A lovely afternoon in the garden planting sweet potatoes and still trying to make a dent in that blue angel food cake that Aunt Kathryn (Dad’s sister) made for the celebration of his life – a favorite of his for birthdays as a child. As you can see, it goes with everything including white wine. This picture was taken on May 9th, the day following a most wonderful gathering of friends and family in the most unlikely fashion. I tell you, I have never in my life felt more grateful for my place in it. This was a day of the most beautiful outpouring of love and support and sharing of spirit. Neighbors, making me most grateful to be amongst this amidst conventional farms, as much as I do not align myself with the tenets of such practices, our neighbors are real and present and a big part of our farming support system – we have a reputation of eccentricity to uphold, and I’m sure they won’t let us let them down.🙂 I received two phone calls that morning from folks that Dad had meant something to – and they shared their stories and we laughed and we were brought together – a great and generous gift – thank you, Dad. The day following was a bit more lovely as far as the weather was to be concerned and after the scare of a hard frost the night before, I felt fairly safe and justified in my confidence that it would be the last. The potatoes took it on the hop and the flint corn looked questionable, but both came roaring back with intentional vigor, not to let a little frost inhibit the manic energy of the annual.

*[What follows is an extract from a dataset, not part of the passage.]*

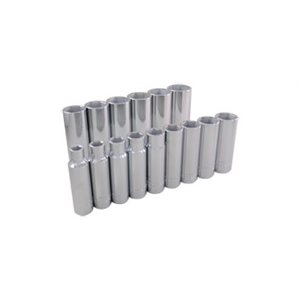 GRAY TOOLS 35215 - 15 PIECE 1 / 2" DRIVE 6 POINT SAE, DEEP CHROME SOCKET SET, 3 / 8" - 1-1 / 4"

Kathryn and Tom helped me planting. These sweet spuds had much doting over – there was just no way they were going to not thrive… even though they seemed to threaten such for the first week. The garden is ALL PLANTED!! This is such a wonderful and amazing statement to be able to make. I have never been able to honestly say it in years priot. Not only is it planted, but it is maintained, AND somehow it managed to consume the same 75′ x 75′ as last year – with lovely plots of flax and oats and sunflowers (thanks to Meg’s planting last year – these are self planted beauties!). I have a good crop of Nicola potatoes – one of the only potato varieties with minimal impact on the glycemic response – this studying holistic nutrition (for those of you not aware, I am currently in the professional training program through the Institute of Integrative Nutrition in NYC for my certification in holistic health counseling) has created a whole new criteria for growing and selling at the market. If I don’t feel it would benefit my health, I have huge reservations about selling it to anyone else. This means I am not making more preserves because I don’t like the sugar. I mean, I am crazy about the sugar, and that in and of itself is a big red flag to me. So, yes, white potatoes, not entirely bad, but have a lot of room for improvement, and this is where the Nicola comes in. If you want to familiarize yourself a bit more, check out this link: http://breastcancer.about.com/od/cancerfightingfoods/a/potatoes.htm – I am growing these potatoes mainly as a seed potato crop for the Albert Lea Seed House. They are pretty rare as far a potatoes goes – I’m looking forward to taste testing soon!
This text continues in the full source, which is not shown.